Report on Other Legal and Regulatory Requirements

1. As required by ‘the Companies (Auditors' Report) Order, 2020 (“the Order”), issued by the Central Government of India in terms of sub¬
section (11) of section 143 of the Act, we give in the “
Annexure A” a statement on the matters specified in paragraphs 3 and 4 of the
Order, to the extent applicable.

2. As required by section 143(3) of the Act, we report that :

a) We have sought & obtained all the information and explanations, which to the best of our knowledge and belief were necessary for
the purposes of our audit.

b) In our opinion, proper books of account as required by law have been kept by the company so far as appears from our examination
of those books.

c) The Balance sheet, statement of Profit & Loss (including other comprehensive income), the statement of Changes in equity and the
statement of Cash Flow dealt with by this report are in agreement with the relevant books of account.

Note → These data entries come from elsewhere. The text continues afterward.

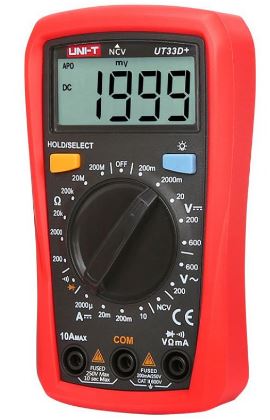 UNI-T UT33D+ Digital NVC Multimeter Voltage Current Resistance Tester Buzzer LCD Backlight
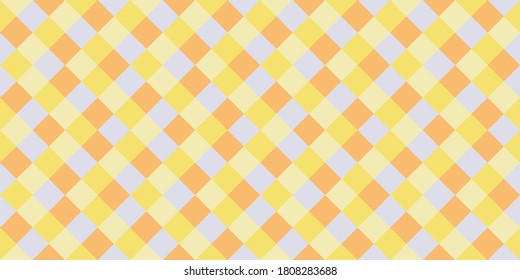 Childish rhombus tiles seamless pattern vector graphic design. Square shapes vintage background. Rhombus geometric seamless pattern, plaid textile print. Cute squares endless backdrop.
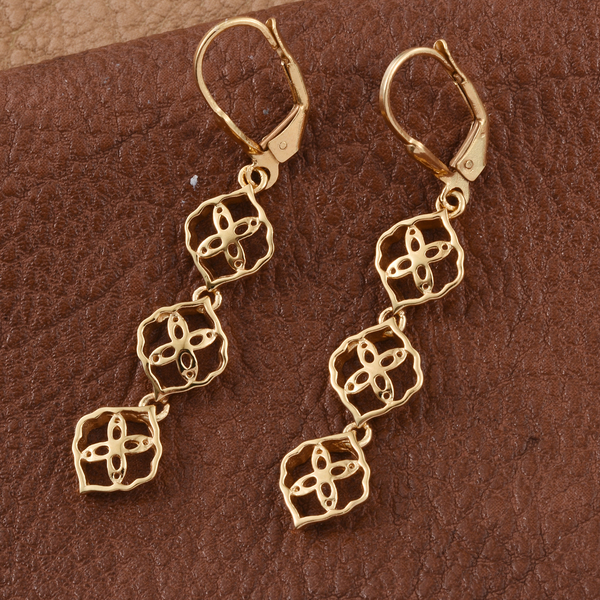 Kimberley Crimson Spice Collection 14K Gold Overlay Sterling Silver Lever Back Earrings, Silver wt 3.23 Gms.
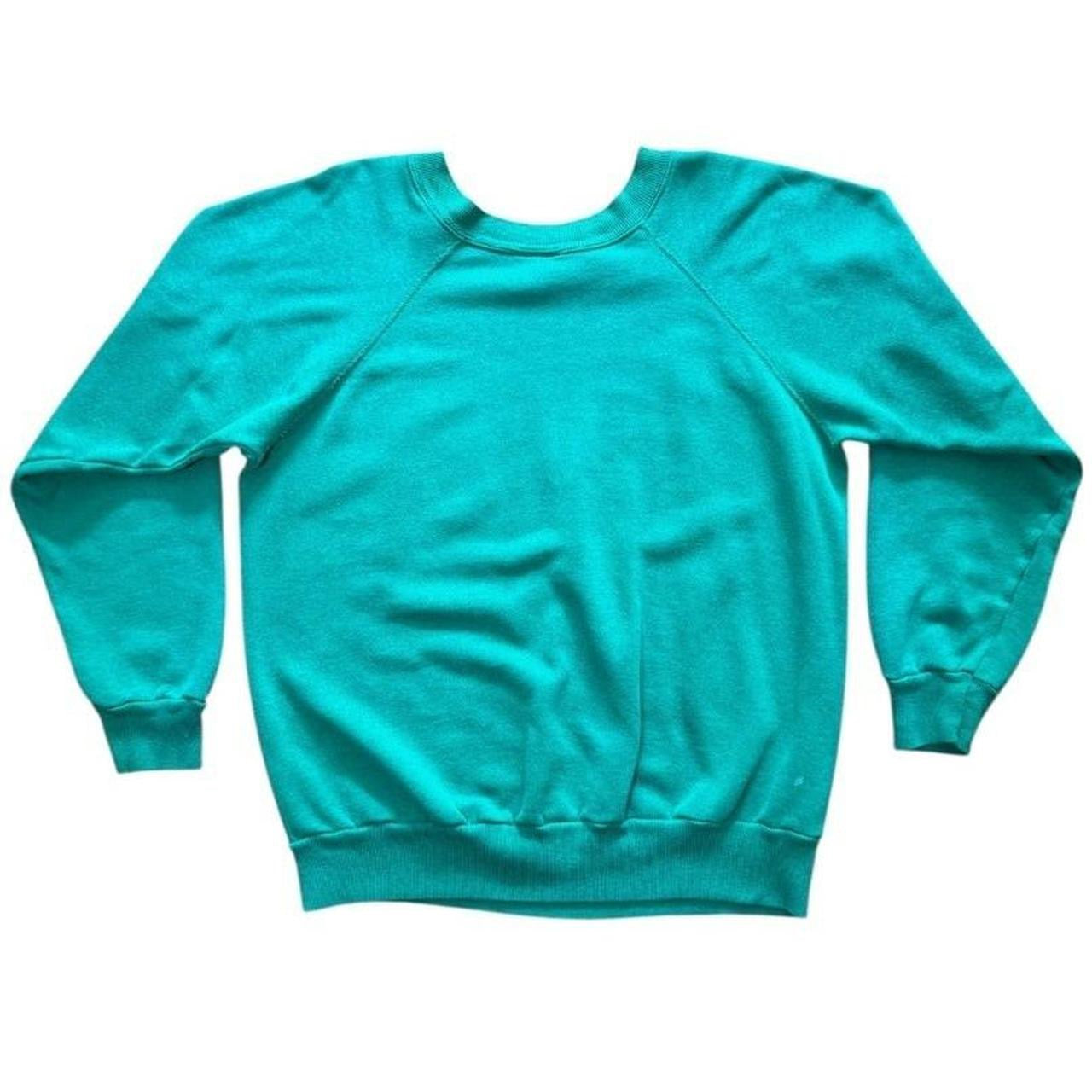 80s Pannill Daytona Beach Florida USA Teal Raglan Surf Palm Tree Sweater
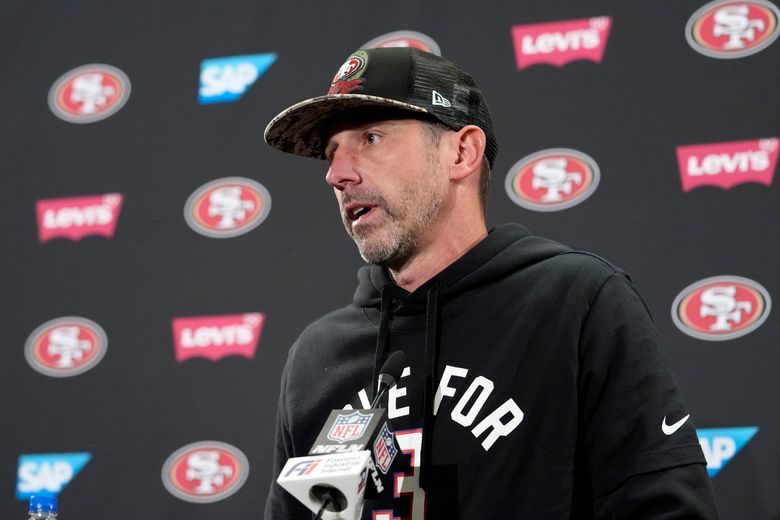 San Francisco 49ers head coach Kyle Shanahan speaks at news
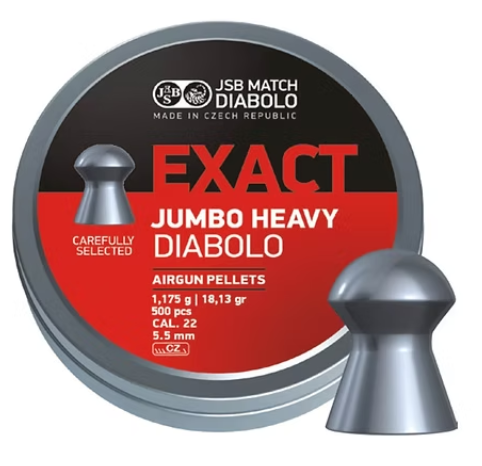 JSB Match Diabolo EXACT JUMBO HEAVY 5.52mm/.22 18.13 GR Airgun Pellets (500)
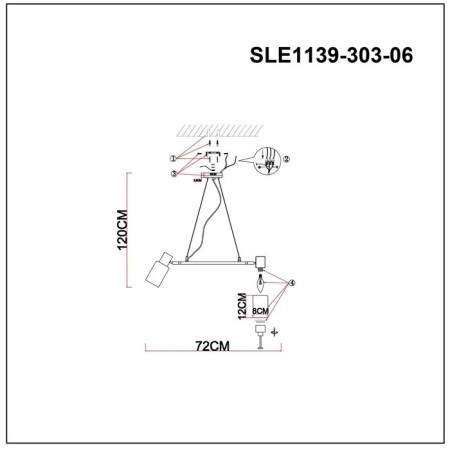 Suspended EVOLUCE lamp. Sle1139-303-06. Gessi. 6x60 watts, E14, 72x72x19 cm, brass color-5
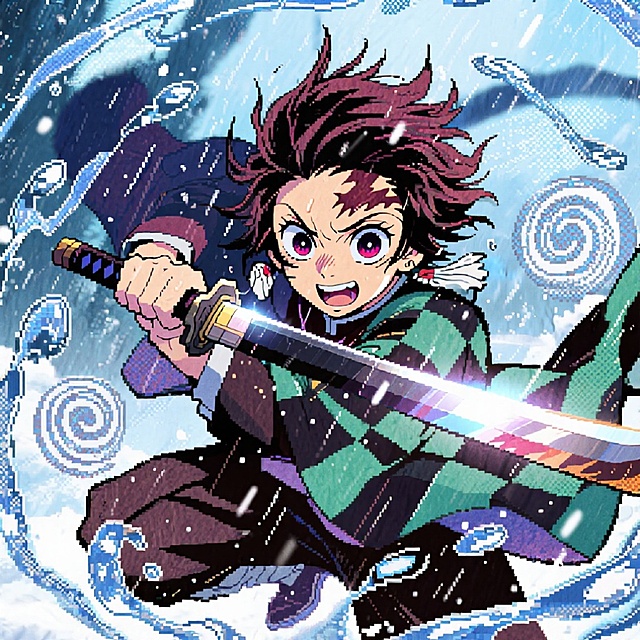 像素风动漫角色挥剑斩破冰晶，热血感爆棚，粒子特效环绕，漫画式动态构图，展现极致战斗瞬间。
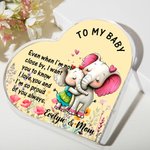 Personalised Watercolor Mom and Baby Animals Heart-Shaped Acrylic Plaque with Name and Text Desk Decor Christmas Birthday Gift for Newborn Mom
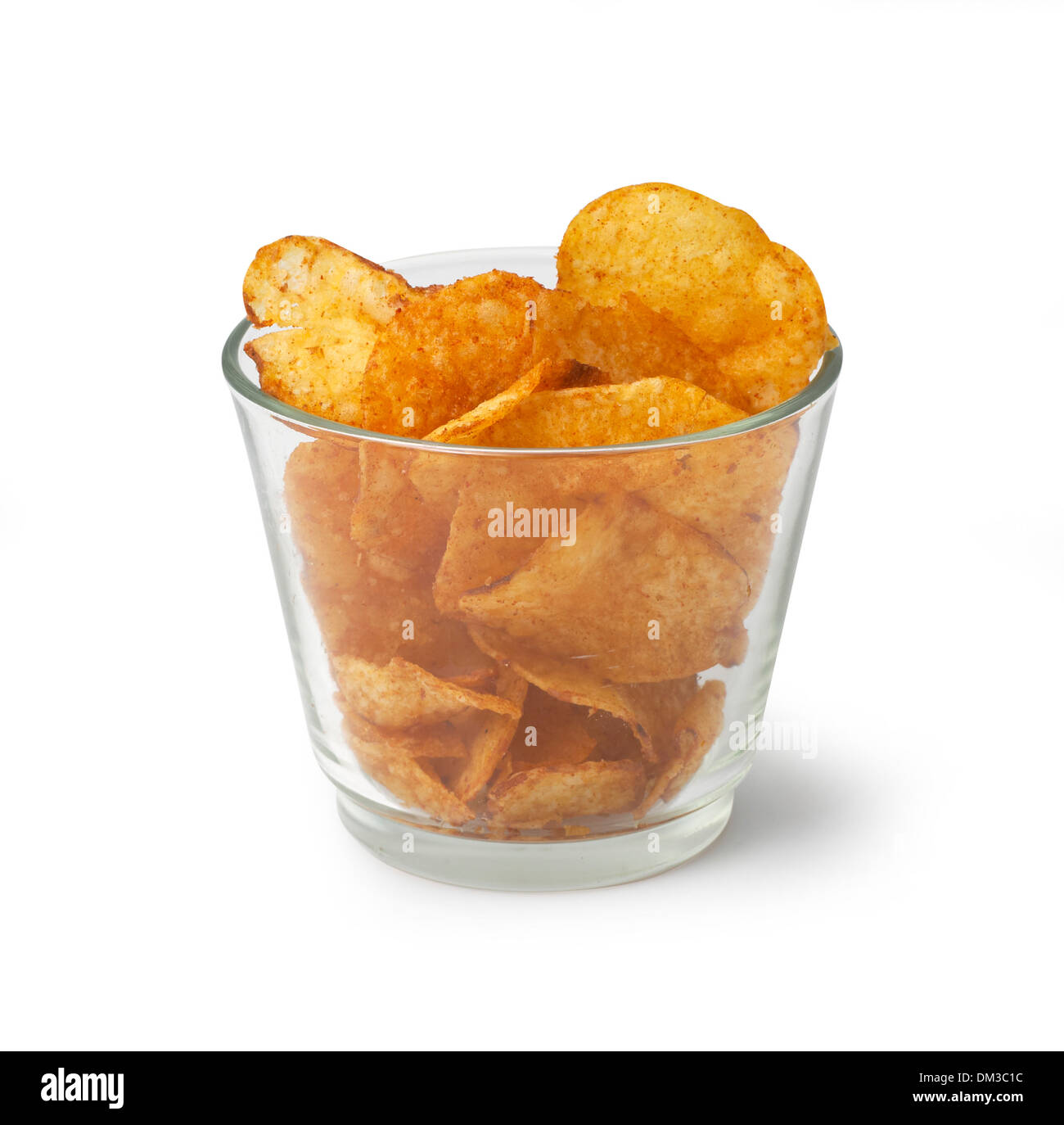 Glass of crisps cut out on white background Stock Photo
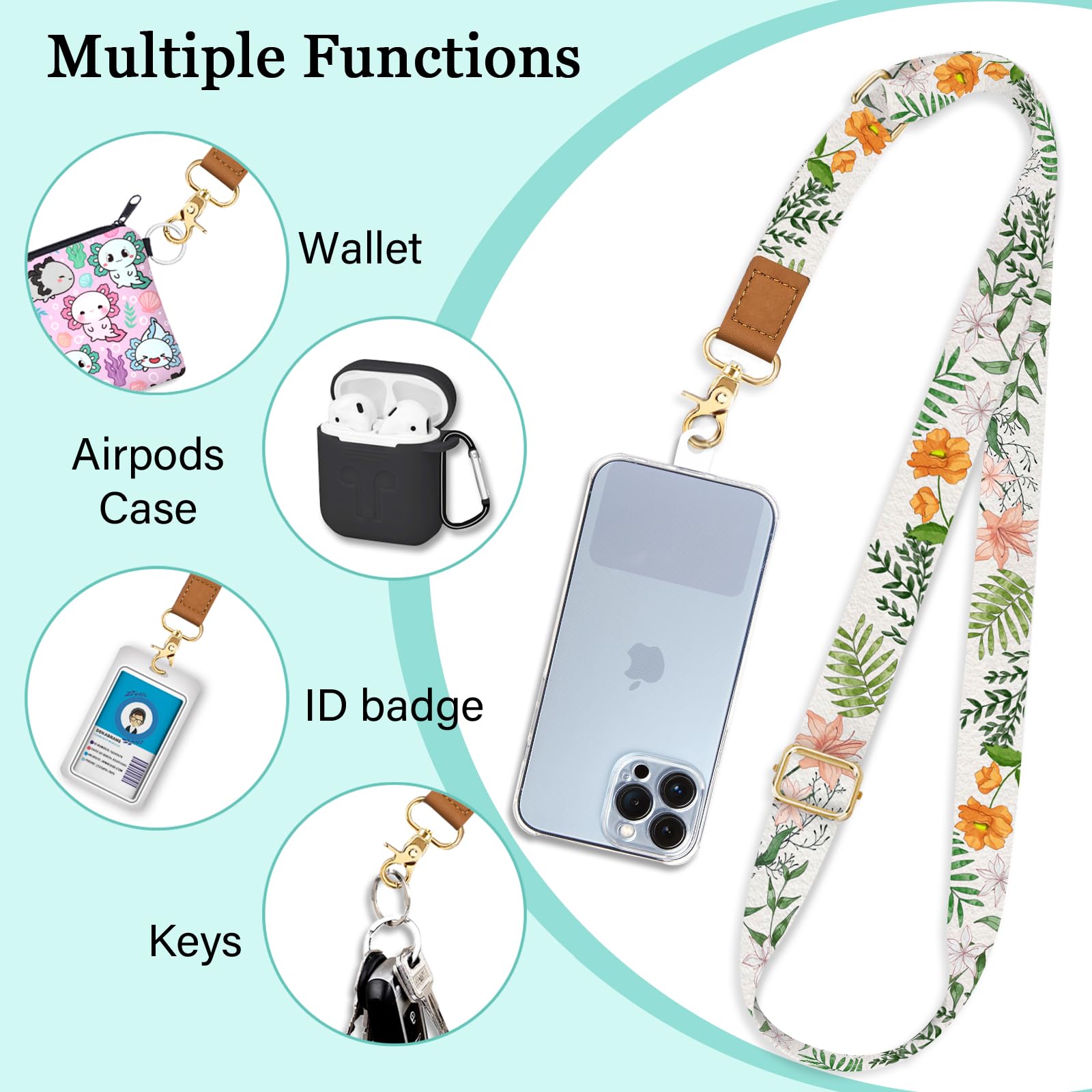 Piefly Phone Lanyard Crossbody Wrist Strap, Flower Cell Phone Lanyards For Around The Neck Wristlet Shoulder, Adjustable Floral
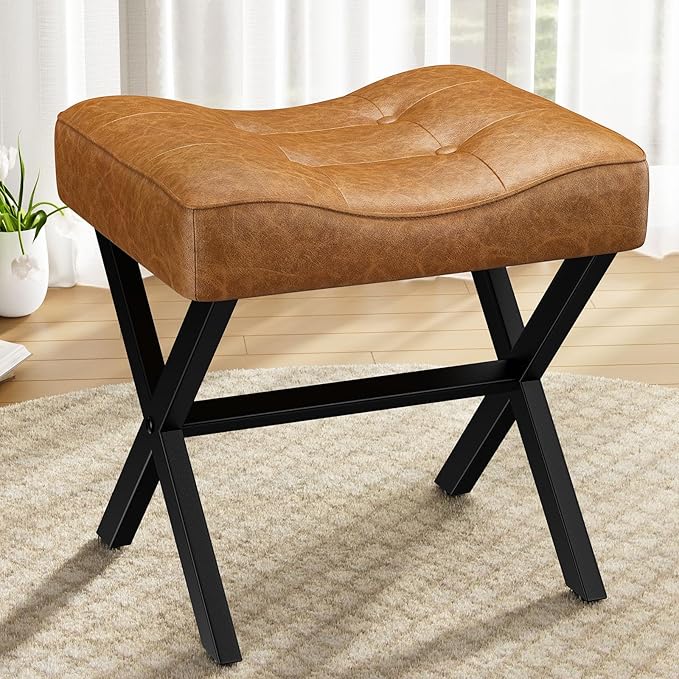 18-Inch Large Leather Vanity Stool, Vanity Chair with Metal X-Leg, Ottoman Accent Stool with Thick Padded Saddle Seat, Brown
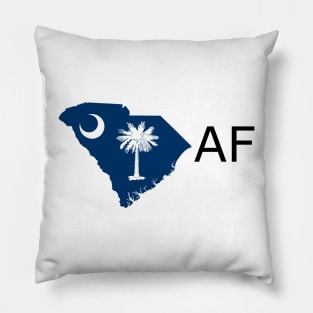 South Carolina Flag State Outline AF (black) Pillow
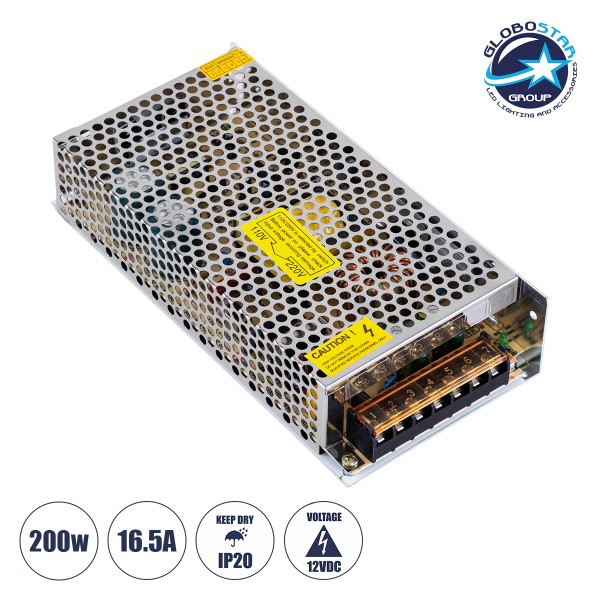 GloboStar® 73091 Μεταλλικό Τροφοδοτικό PELV TRIAC DIMMABLE για Προϊόντα LED 200W 16.66A - AC 220-240V σε DC από 0.5V (0%) σε 12V (100%) - IP20 L20 x W9 x H4.5cm - 3 Χρόνια Εγγύηση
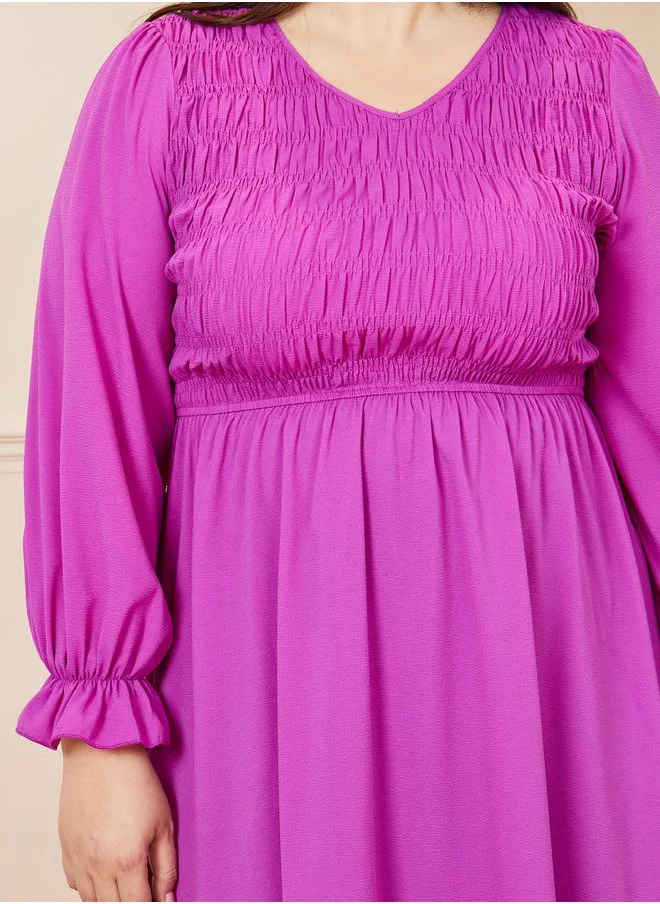 Styli Plus Shirred A-Line Midi Dress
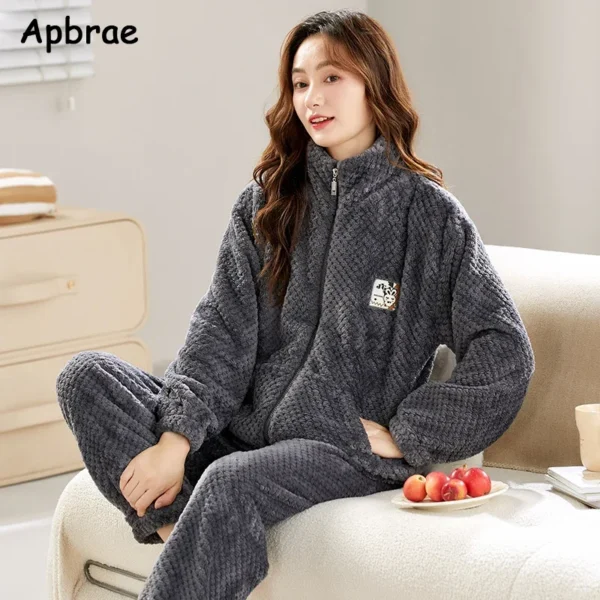 Winter Flannel Pajamas for Women Soft Warm Sleepwear Woman Cardigan Pijamas Big Size M-3XL Thick Homewear Girls Pajama - Image 6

d) In our opinion, the aforesaid financial statements comply with the Indian Accounting Standards prescribed under Section 133 of the
Act read with Companies (Indian Accounting Standard) Rules 2016

e) On the basis of the written representation received from the directors as on 31st March 2024 taken on record by Board of Directors,
none of the director is disqualified as on 31st March 2024 from being appointed as a director in terms of section 164(2) of the
Companies Act, 2013.

f) With respect to the adequacy of the internal financial control over financial reporting of the Company and the operating effectiveness
of such controls, refer to our separate Report in “
Annexure B”. Our report expresses an unmodified opinion on the adequacy and
operating effectiveness of the Company's internal financial controls over financial reporting.

g) With respect to the other matters to be included in the Auditor's report in accordance with the requirements of section 197(16) of the
Act, as amended, in our opinion, the managerial remuneration for the year ended 31st March 2024 has been paid/ provided by the
Company to its directors in accordance with the provisions of Section 197 read with Schedule V to the Act;

h) With respect to other matters to be included in the Auditors' Report in accordance with Rule 11 of the Companies (Audit and
Auditors) Rules, 2014, in our opinion and to the best of our information and according to the explanations given to us:

i) The company has disclosed pending litigations which would impact on its financial statements.

ii) The company did not have any long-term contracts including derivative contracts for which there were any material foreseeable
losses.

iii) There were no amounts required to be transferred to the Investor Education and Protection Fund by the company.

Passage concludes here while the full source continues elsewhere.